Allowing
While the majority may say that Johnny just won't listen, or he has exceptional difficulty learning multiplication, or he can't navigate the computer, or he won't update his leadership skills ("Johnny" can be any age), seldom does it even occur to us that Johnny does not or cannot yet ALLOW particular changes.
When we ALLOW, we open our minds to accepting change via new information processed and stored by the brain. Allowing is also a belief that a positive outcome will occur. Fear of change, or having been told or overhearing that an approach won't work or change anything often denies our minds permission – permission to allow. Even a positive statement followed by a "but" can inhibit.
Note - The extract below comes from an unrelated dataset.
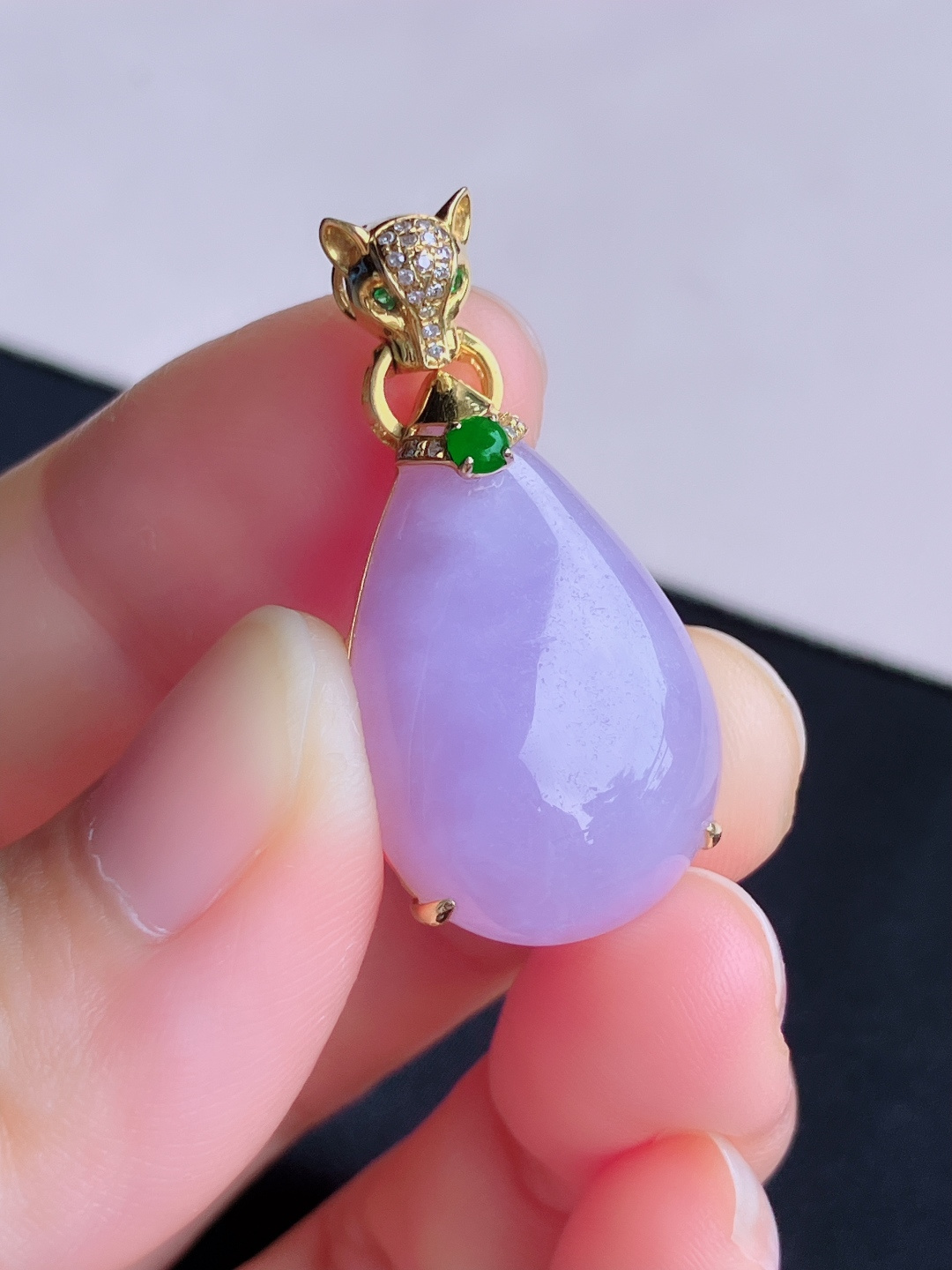 ️粉紫水滴吊坠，简约时尚，尺寸36.6/25/16.8/9.8/自然光实拍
Years ago, John Harrison used the Stuttering Hexagon to depict what can occur when our beliefs conflict with our intentions, as he related it to stuttering. The hexagon can be used (and has been historically) as a means to understand the dimensions of desired yet seemingly unachievable change. Now there are two pretty popular new books out there called "The Secret" and "The Law of Attraction." There is also a CD entitled "The Art of Allowing." Harvard now has a program called Mind, Brain, Behavior. Until some of my linear-thinking professional friends find out that, by golly, even Harvard includes "mind" in the title of a program, they tend to call what I've been trying to say "psychobabble." Sometimes they need other terms to be used (that don't seem so frightening, or so outside their comfort zones) in order to allow themselves to consider the potential of thinking differently about their clients, patients, spouses, or themselves!
A good example of our ability to NOT 'allow' is hypnosis. If someone absolutely refuses to be hypnotized (like to quack like a duck or otherwise act out of character as part of an act on stage or TV – or to stop smoking, for that matter) he will NOT be hypnotized. He will not allow himself to be in that receptive state, feeling it is a loss of control.
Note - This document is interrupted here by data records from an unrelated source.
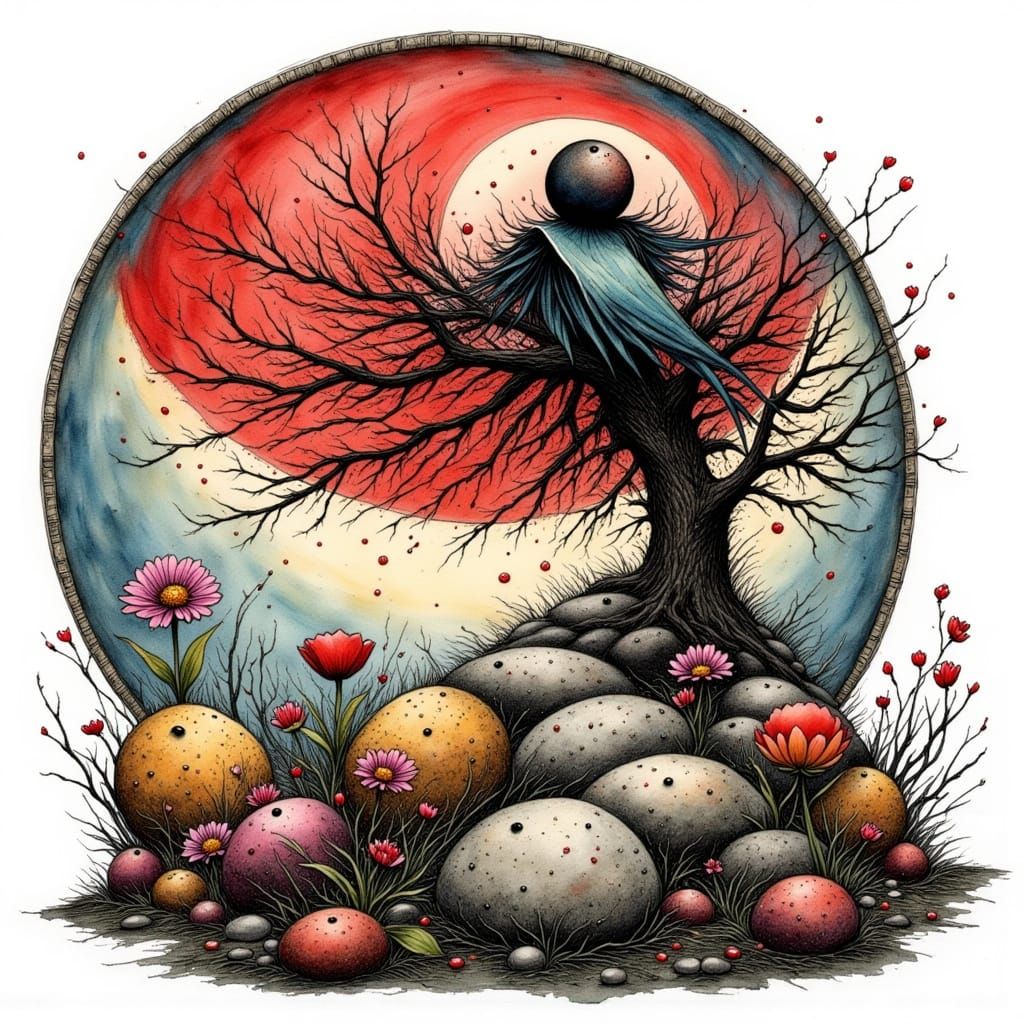 Red Mystery Unveiled in Charcoal and Ink Style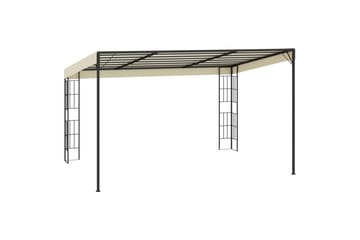 Veggmontert paviljong 3x4 m kremhvit stoff - Hagemøbler - Solbeskyttelse - Paviljonger - Komplett paviljong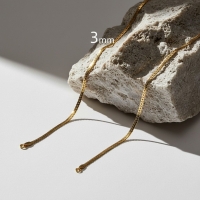 Platte Gourmet Ketting met bewerkte rand 3mm Goudkleurig Staal - 60cm - Unisex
A very real possibility is that our clients/patients are not progressing because, as John Harrison might say, the intention (positive or negative) and the belief do not support each other, so change cannot occur.
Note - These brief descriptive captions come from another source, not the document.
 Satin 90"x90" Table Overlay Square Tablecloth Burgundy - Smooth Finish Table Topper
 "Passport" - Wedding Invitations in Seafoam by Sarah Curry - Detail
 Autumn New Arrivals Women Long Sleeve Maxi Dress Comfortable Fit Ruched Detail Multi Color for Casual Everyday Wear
The balance of power within our minds and between people was well described by SLP Dr. Goldberg. Even though we may desire change and realize it is possible, that change is either not permitted, or it becomes altered. Some who are close to the one attempting change may find "the rug being pulled out from under" them in trying to maintain the balance of power. "Yes, I want my child or spouse to improve in (fill in the blank) – however, this has been a large part of our relationship. What will happen if I continue to support the change?" is what these loved ones may be thinking.
As guides/therapists, it is my opinion that we must get a handle on the true attitudes of clients/patients and their significant others. It is our role to clarify for each client the impact of allowing and, when needed, to guide that process.
The dynamics between the challenge of learning something new or changing a behavior and the challenge of allowing the learning/changing are far greater and deeper than this blog has space for. Yet it appears to me to be vital to the professional's learning! Have you attempted the maze of terms and their relationships to understand the role of the mind's decision or indecision to allow?
I challenge you to think of one of your own plans for change that just isn't happening, or a client who is of particular difficulty (even though you see potential), in order to use the terms, and perhaps discover allowing to be the fundamental issue.